En effet, là où il n'y avait pas de sacrifice, il n'y avait pas non plus de fêtes, puisqu'elles devaient toutes se célébrer par des sacrifices. Mais voulez-vous une preuve plus explicite, écoutez ce que dit Daniel (X, 2) : En ces jours-là, moi Daniel, je fus dans les pleurs pendant trois semaines, je ne mangeai d'aucun mets agréable au goût, et ni vin, ni chair n'entrèrent dans ma bouche; et je ne me servis d'aucun parfum pendant ces trois semaines; et il arriva que le vingt-quatrième jour du premier mois, j'eus une vision. Ici prêtez-moi soigneusement votre attention; ces paroles démontrent que Daniel ne célébrait pas alors la pâque. Comment cela? Je vais vous le dire. Il n'était pas permis aux Juifs de jeûner les jours des azymes. Or, Daniel jeûna pendant vingt et un jours. Et comment prouverais-je que les jours des azymes étaient compris dans ces vingt et un jours? Par ces paroles : le vingt-quatrième jour du premier mois.

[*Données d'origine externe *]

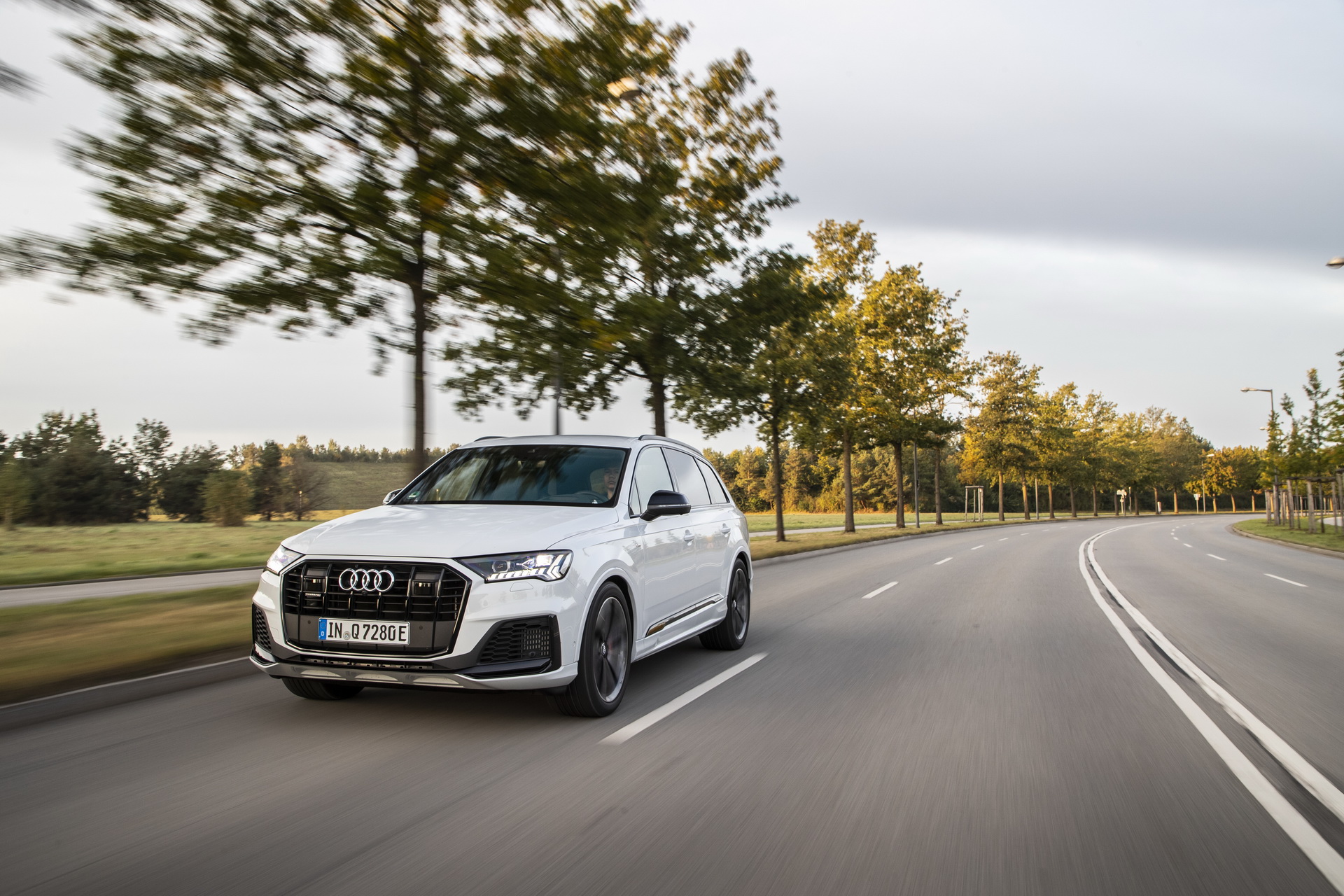 Audi Plugs Q7 Into A New Era With Up To 450 HP And Up To 27 Miles Of EV Range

La pâque ne finissait-elle pas le vingt et un du premier mois? ne commençait-elle pas le quatorze du même mois, pour continuer ensuite pendant sept jours, et se terminer au vingt et un? La pâque était donc passée lorsque Daniel jeûnait encore. En effet, il avait commencé le troisième jour du premier mois, et en continuant ensuite vingt et un jours, il passer le quatorzième, et il jeûna encore dix jours après. (Daniel, X, 4.) De quelle prévarication, de quelle impiété ne se rendent donc pas coupables ces Juifs qui gardent par esprit de contention et de contradiction des observances dont leurs pères s'abstenaient sur la terre étrangère? si ceux dont je viens d'invoquer l'exemple et l'autorité, eussent été des hommes négligents et sans religion, on pourrait peut-être attribuer à leur négligence cette suspension des observances légales en pays étranger; mais puisque c'étaient des amis de Dieu, et des hommes pieux, qui ont donné leur vie pour les lois divines, il est donc bien évident que s'ils n'ont pas observé la Loi, ils ne l'ont pas fait par négligence, mais pour obéir à la Loi même, qui défend de garder toutes ces observances hors de Jérusalem.
Il y a encore une remarque à faire : l'institution judaïque, alors, exigeait, par surérogation, l'observation des sacrifices, des sabbats, des néoménies et de beaucoup d'autres pratiques semblables, dont l'observation et l'omission sont parfaitement indifférentes à la sagesse, à la vertu, au bien. Le monde a vu des hommes qui, sans s'astreindre à ces pratiques, sans égorger aucune victime, sans célébrer aucune fête, sans jeûner avec ostentation, ont mené, sur la terre, la vie des anges, attiré sur eux les complaisances de Dieu, surpassé la nature humaine, et amené l'univers à la connaissance de Dieu par les merveilles de leur vertu. Qu'y a-t-il, en effet, d'égal à Daniel? d'égal aux trois enfants qui ont accompli par anticipation le plus grand précepte évangélique, et pratiqué la vertu qui résume toutes les autres ? Personne, est-il dit, ne peut avoir une plus grande charité que de sacrifier sa vie pour ses amis. (Jean, XV, 13.) Or, ils ont donné leur vie pour Dieu. Et ce n'est pas seulement pour cela qu'ils sont dignes d'admiration, mais parce qu'ils l'ont fait sans espoir d'aucune récompense. C'est pourquoi ils disaient: Il est au ciel un Dieu qui a la puissance de nous délivrer, et quand il ne le ferait pas, sache, ô roi, que nous n'adorons pas tes dieux. (Dan. III, 17.) Cette récompense nous suffit, disent-ils, que nous mourons pour Dieu. Voilà ce qu'ils ont fait; voilà à quelle éminente vertu ils se sont élevés, sans observer aucune des prescriptions légales.